The Earle Mack students competed in one of six regional competitions, up from five the previous year. Cuellar, Gallagher and Leaper will compete against the winners of the five other regional competitions at the national competition to be held at the law school in March.
The law school hosted the Mid-Atlantic regional competition on Feb. 15 as well. Teams from the American University Washington College of Law, Brooklyn Law School, the Benjamin N. Cardozo School of Law, Hofstra Law School, Temple University James E. Beasley School of Law, the University of Maryland Francis King Carey School of Law, University of Pennsylvania Law School, University of Richmond School of Law, University of Virginia School of Law, Villanova Law School, and Widener Law competed in the Mid-Atlantic regional.
At the end of the competition a panel of expert judges negotiate the very same deal as the competitors. Premier transactional attorneys Michael D. Ecker from Eckert Seamans, Sarah Hewitt and Jon C. Hughes from Schnader, and Sherry Lemonick of Sherry Lemonick, LLC, faced off against each other in the hypothetical transaction.

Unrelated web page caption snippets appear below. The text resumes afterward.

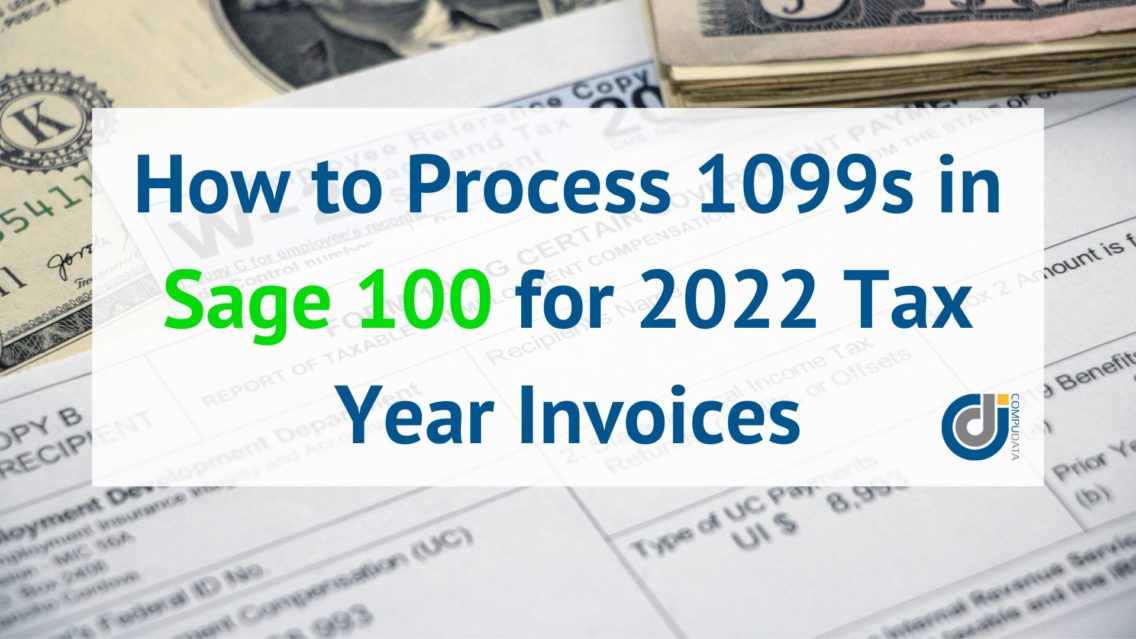 1099s in Sage 100, Sage 100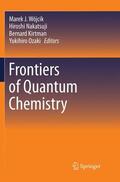 Wójcik / Ozaki / Nakatsuji |  Frontiers of Quantum Chemistry | Buch |  Sack Fachmedien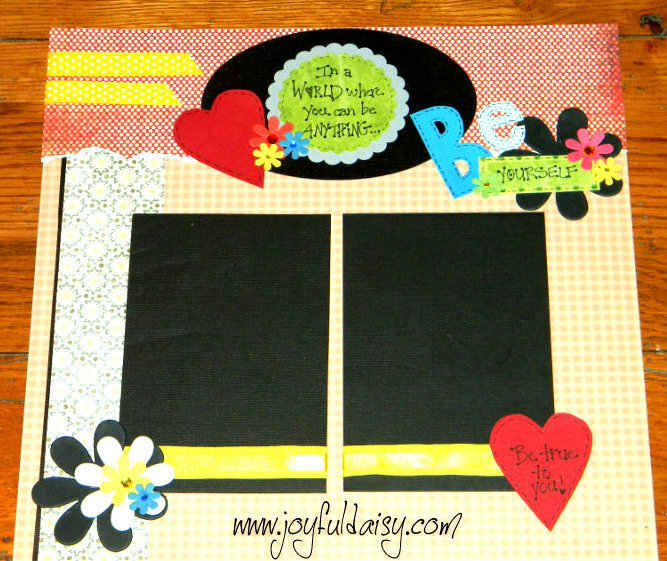 BE YOURSELF Scrapbook Layout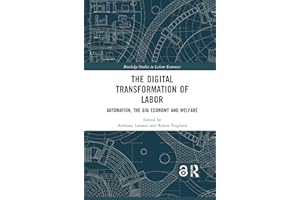 The Digital Transformation of Labor: Automation, the Gig Economy and Welfare
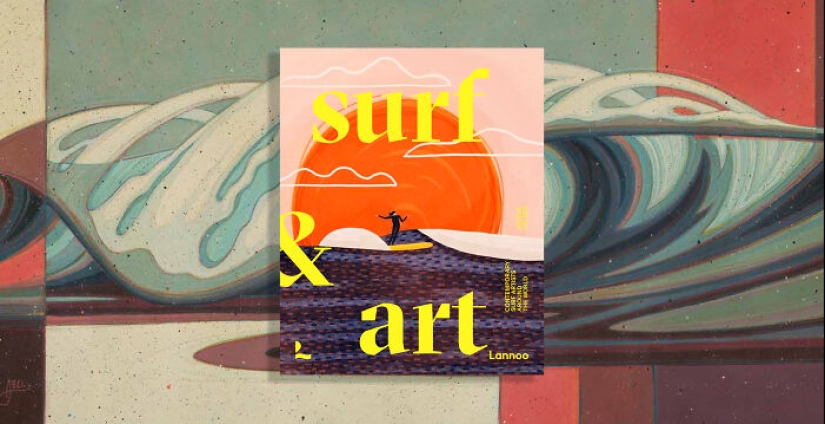 Veerle Helsen’s New Book ‘Surf & Art’ Connected 13 Artists From All Around The World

Following the negotiations, the expert judges commended the students competitors for their exceptional performances with Ecker urging students to not only consider the legal questions in such transactions but also the practical issues. Similarly, Lemonick encouraged students to be mindful that transactional lawyering is unique because it is not about winning and losing but rather reaching an agreement that benefits all parties.